Le club de l’ONU, une structure privée, permettait aux diplomates et à leurs invités de se retrouver entre eux, de manger une cuisine internationale, de boire de l’alcool et de regarder les télévisions étrangères.
— O.K., conclut Malko, à sept heures.
— D’ici là, ne regardez pas les femmes dans les yeux. C’est mal vu, vous pourriez vous faire lyncher…
Il s’éloigna vers sa voiture, laissant les deux gorilles encore plus mal à l’aise. Hassan annonça, en lui ouvrant la portière :
— On m’a dit de vous conduire à Taxila, sir, pour une visite des ruines.
— Bonne idée, approuva Malko.
Il monta à côté d’Hassan, afin de repérer l’itinéraire. Le jour du kidnapping, ils seraient livrés à eux-mêmes…
*
* *
Les camions au fronton peinturluré, chargés à exploser, passaient leur temps à se doubler comme des fous, dans des concerts de klaxon, sans le moindre souci des voitures. Deux fois, Hassan avait été obligé de rouler sur le bas-côté pour ne pas être écrabouillé par un monstre chargé de billes de bois. L’autoroute Islamabad-Peshawar, c’était le Salaire de la peur… D’ailleurs, elle n’avait d’autoroute que le nom, se réduisant parfois à un unique ruban d’asphalte, poussiéreux et défoncé. Le pire, c’était les cyclistes, complètement incongrus dans cette jungle motorisée, surgissant de partout avec un calme incroyable, juchés sur de hautes bicyclettes noires, souvent sans freins.

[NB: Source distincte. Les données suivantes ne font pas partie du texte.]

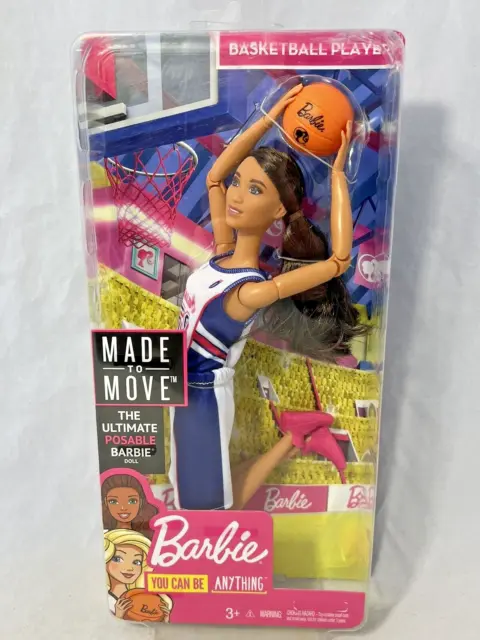 Barbie Made to Move Yoga Doll Flexible Childrens New Kids Toy Mattel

Quant aux bus, bourrés à craquer de voyageurs abrutis de chaleur, leurs chauffeurs étaient probablement payés à la course. Pied au plancher, ils prenaient tous les risques pour gagner quelques mètres. Le paysage désolé, plat comme la main, aux arbres imbibés de poussière jaunâtre, était noyé d’une brume de chaleur. Parfois, sur un bas-côté, une cabane en planches proposait des boissons sans alcool, des pastèques ou des fruits.
Deux camions, décorés jusqu’aux essieux, surchargés d’une montagne humaine se retenant à ses ballots, tentaient de se doubler. Hassan, deux roues sur le bas-côté, dans la Morris à 30°, parvint à prendre le dessus…

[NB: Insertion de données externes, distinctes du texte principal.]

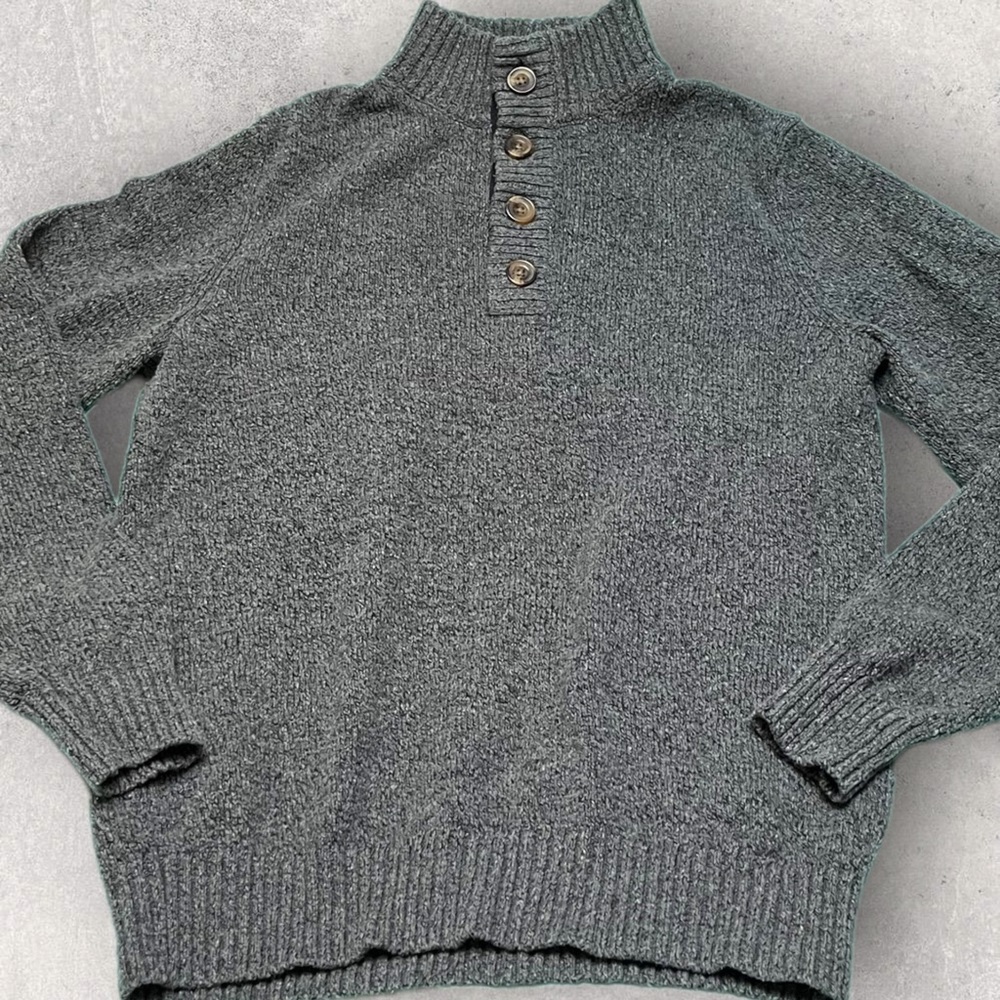 Izod Sweater Gray Sz Small - Picture 11 of 16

— Have to take petrol[39], annonça-t-il.
Ils stoppèrent à une station PSO où se trouvaient déjà des camions et un bus sans vitres plein de passagers hébétés de fatigue, gavés de poussière, avec des regards vides d’animaux. Même les bébés ne criaient pas.

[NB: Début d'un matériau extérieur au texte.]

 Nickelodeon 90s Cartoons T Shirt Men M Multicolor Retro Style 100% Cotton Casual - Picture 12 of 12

Une demi-heure plus tard, Hassan, après être passé devant la gare de Taxila, arrêta Malko devant le musée, situé en bordure d’une des trois villes en ruines du site, Bhir Mound. L’ensemble du site comprenait les ruines de deux autres villes, Sirkaph et Sirsouk, ainsi qu’un énorme stûpa dédié à Bouddha. Jadis, les invasions s’étaient croisées ici, des Grecs en passant par Darius, jusqu’à Alexandre le Grand. Il ne restait aujourd’hui que des murs ne dépassant guère deux mètres de hauteur, envahis par la végétation, écrasés de chaleur. Situé à trente-deux kilomètres d’Islamabad, Taxila était un lieu de promenade familiale le vendredi, mais désert en semaine.